**** DATA RECORDS
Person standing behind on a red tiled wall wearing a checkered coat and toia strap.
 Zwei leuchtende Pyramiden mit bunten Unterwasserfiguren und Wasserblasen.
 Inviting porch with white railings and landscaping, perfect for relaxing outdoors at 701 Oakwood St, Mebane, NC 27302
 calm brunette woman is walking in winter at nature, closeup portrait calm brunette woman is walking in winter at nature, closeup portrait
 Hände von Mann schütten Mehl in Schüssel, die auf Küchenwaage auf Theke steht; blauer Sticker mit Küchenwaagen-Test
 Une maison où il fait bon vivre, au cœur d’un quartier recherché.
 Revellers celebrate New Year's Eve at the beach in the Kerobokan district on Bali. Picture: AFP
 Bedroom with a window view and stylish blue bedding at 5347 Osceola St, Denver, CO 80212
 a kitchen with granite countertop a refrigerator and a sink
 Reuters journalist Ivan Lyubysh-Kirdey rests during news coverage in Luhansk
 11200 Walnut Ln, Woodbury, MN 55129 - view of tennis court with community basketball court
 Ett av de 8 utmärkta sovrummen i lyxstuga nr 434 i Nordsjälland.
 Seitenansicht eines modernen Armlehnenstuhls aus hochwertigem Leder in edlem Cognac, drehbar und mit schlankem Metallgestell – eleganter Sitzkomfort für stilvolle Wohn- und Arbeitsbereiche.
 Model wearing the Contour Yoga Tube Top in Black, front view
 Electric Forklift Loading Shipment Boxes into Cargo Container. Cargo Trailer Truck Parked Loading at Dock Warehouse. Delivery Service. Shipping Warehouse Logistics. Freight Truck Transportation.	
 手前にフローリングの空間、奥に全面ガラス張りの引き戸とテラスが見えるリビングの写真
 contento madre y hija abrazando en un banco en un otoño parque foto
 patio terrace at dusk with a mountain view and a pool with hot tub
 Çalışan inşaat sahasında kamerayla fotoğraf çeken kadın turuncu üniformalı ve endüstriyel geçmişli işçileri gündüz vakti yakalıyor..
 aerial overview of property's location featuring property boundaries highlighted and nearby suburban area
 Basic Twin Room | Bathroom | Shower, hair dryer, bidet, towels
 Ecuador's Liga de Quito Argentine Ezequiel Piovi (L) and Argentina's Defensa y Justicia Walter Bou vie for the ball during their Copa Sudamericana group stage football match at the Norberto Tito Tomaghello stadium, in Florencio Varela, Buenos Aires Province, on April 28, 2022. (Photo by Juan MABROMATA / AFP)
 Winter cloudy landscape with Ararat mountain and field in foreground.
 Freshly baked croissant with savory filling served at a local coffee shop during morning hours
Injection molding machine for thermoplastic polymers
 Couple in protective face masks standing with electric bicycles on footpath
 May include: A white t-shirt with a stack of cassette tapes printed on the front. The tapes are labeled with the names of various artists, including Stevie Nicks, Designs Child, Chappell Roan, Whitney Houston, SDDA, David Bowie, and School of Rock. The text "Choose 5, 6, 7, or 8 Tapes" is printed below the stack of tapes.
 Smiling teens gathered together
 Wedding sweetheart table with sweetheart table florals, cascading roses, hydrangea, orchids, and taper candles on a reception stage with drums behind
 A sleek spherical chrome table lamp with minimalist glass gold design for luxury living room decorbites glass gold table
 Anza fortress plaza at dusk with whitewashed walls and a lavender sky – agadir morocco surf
********
### YOUR OBJECTIVE
The data above must be returned in full, exactly as written.

### OUTPUT OF THE EXERCISE
Person standing behind on a red tiled wall wearing a checkered coat and toia strap.
 Zwei leuchtende Pyramiden mit bunten Unterwasserfiguren und Wasserblasen.
 Inviting porch with white railings and landscaping, perfect for relaxing outdoors at 701 Oakwood St, Mebane, NC 27302
 calm brunette woman is walking in winter at nature, closeup portrait calm brunette woman is walking in winter at nature, closeup portrait
 Hände von Mann schütten Mehl in Schüssel, die auf Küchenwaage auf Theke steht; blauer Sticker mit Küchenwaagen-Test
 Une maison où il fait bon vivre, au cœur d’un quartier recherché.
 Revellers celebrate New Year's Eve at the beach in the Kerobokan district on Bali. Picture: AFP
 Bedroom with a window view and stylish blue bedding at 5347 Osceola St, Denver, CO 80212
 a kitchen with granite countertop a refrigerator and a sink
 Reuters journalist Ivan Lyubysh-Kirdey rests during news coverage in Luhansk
 11200 Walnut Ln, Woodbury, MN 55129 - view of tennis court with community basketball court
 Ett av de 8 utmärkta sovrummen i lyxstuga nr 434 i Nordsjälland.
 Seitenansicht eines modernen Armlehnenstuhls aus hochwertigem Leder in edlem Cognac, drehbar und mit schlankem Metallgestell – eleganter Sitzkomfort für stilvolle Wohn- und Arbeitsbereiche.
 Model wearing the Contour Yoga Tube Top in Black, front view
 Electric Forklift Loading Shipment Boxes into Cargo Container. Cargo Trailer Truck Parked Loading at Dock Warehouse. Delivery Service. Shipping Warehouse Logistics. Freight Truck Transportation.	
 手前にフローリングの空間、奥に全面ガラス張りの引き戸とテラスが見えるリビングの写真
 contento madre y hija abrazando en un banco en un otoño parque foto
 patio terrace at dusk with a mountain view and a pool with hot tub
 Çalışan inşaat sahasında kamerayla fotoğraf çeken kadın turuncu üniformalı ve endüstriyel geçmişli işçileri gündüz vakti yakalıyor..
 aerial overview of property's location featuring property boundaries highlighted and nearby suburban area
 Basic Twin Room | Bathroom | Shower, hair dryer, bidet, towels
 Ecuador's Liga de Quito Argentine Ezequiel Piovi (L) and Argentina's Defensa y Justicia Walter Bou vie for the ball during their Copa Sudamericana group stage football match at the Norberto Tito Tomaghello stadium, in Florencio Varela, Buenos Aires Province, on April 28, 2022. (Photo by Juan MABROMATA / AFP)
 Winter cloudy landscape with Ararat mountain and field in foreground.
 Freshly baked croissant with savory filling served at a local coffee shop during morning hours
Injection molding machine for thermoplastic polymers
 Couple in protective face masks standing with electric bicycles on footpath
 May include: A white t-shirt with a stack of cassette tapes printed on the front. The tapes are labeled with the names of various artists, including Stevie Nicks, Designs Child, Chappell Roan, Whitney Houston, SDDA, David Bowie, and School of Rock. The text "Choose 5, 6, 7, or 8 Tapes" is printed below the stack of tapes.
 Smiling teens gathered together
 Wedding sweetheart table with sweetheart table florals, cascading roses, hydrangea, orchids, and taper candles on a reception stage with drums behind
 A sleek spherical chrome table lamp with minimalist glass gold design for luxury living room decorbites glass gold table
 Anza fortress plaza at dusk with whitewashed walls and a lavender sky – agadir morocco surf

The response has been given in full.